TASK DESCRIPTION. Please return the listing below word for word, minus its pictures.

DATASET SECTION.
☆ ☆ ☆ ☆ ☆

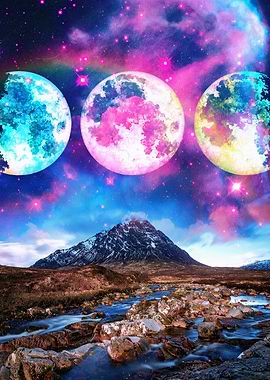 Dreamy Moonlit Landscape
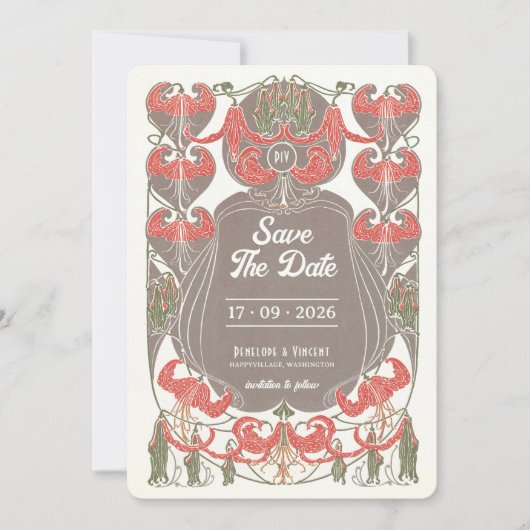 Art Nouveau Fuchsia Elegantie Save the Date Kaart (Voorkant)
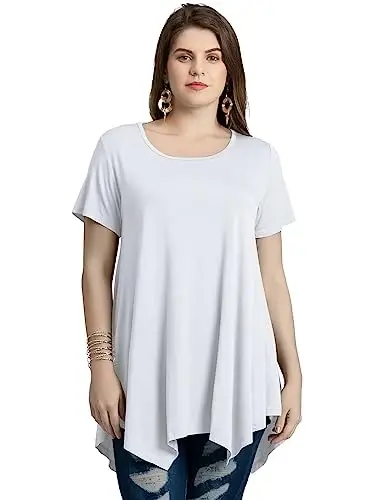 LARACE Ayollar uchun qisqa yengli ko'ylaklar Plus Size Tops Kundalik yozgi kiyimlar Asimmetrik tunika bluzkalar - 2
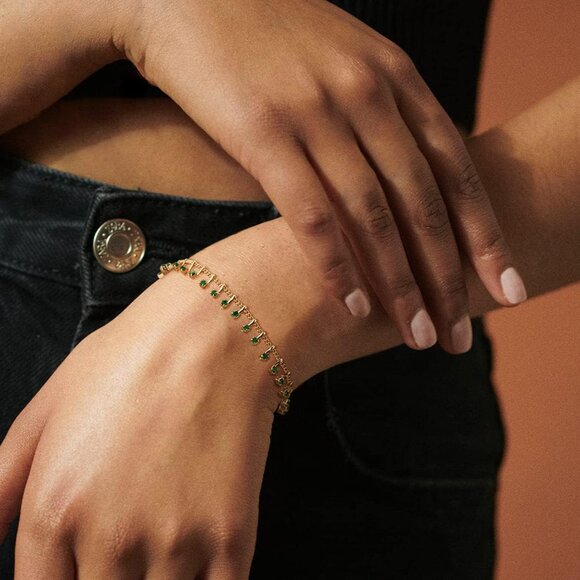 Gold Beaded Bracelets,18K Gold Plated Handmade Cute Satellite Diamond Cut Oval - Picture 3 of 7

☆ ☆ ☆ ☆ ☆

RESULT BELOW.
 Dreamy Moonlit Landscape
 Art Nouveau Fuchsia Elegantie Save the Date Kaart (Voorkant)
 LARACE Ayollar uchun qisqa yengli ko'ylaklar Plus Size Tops Kundalik yozgi kiyimlar Asimmetrik tunika bluzkalar - 2
 Gold Beaded Bracelets,18K Gold Plated Handmade Cute Satellite Diamond Cut Oval - Picture 3 of 7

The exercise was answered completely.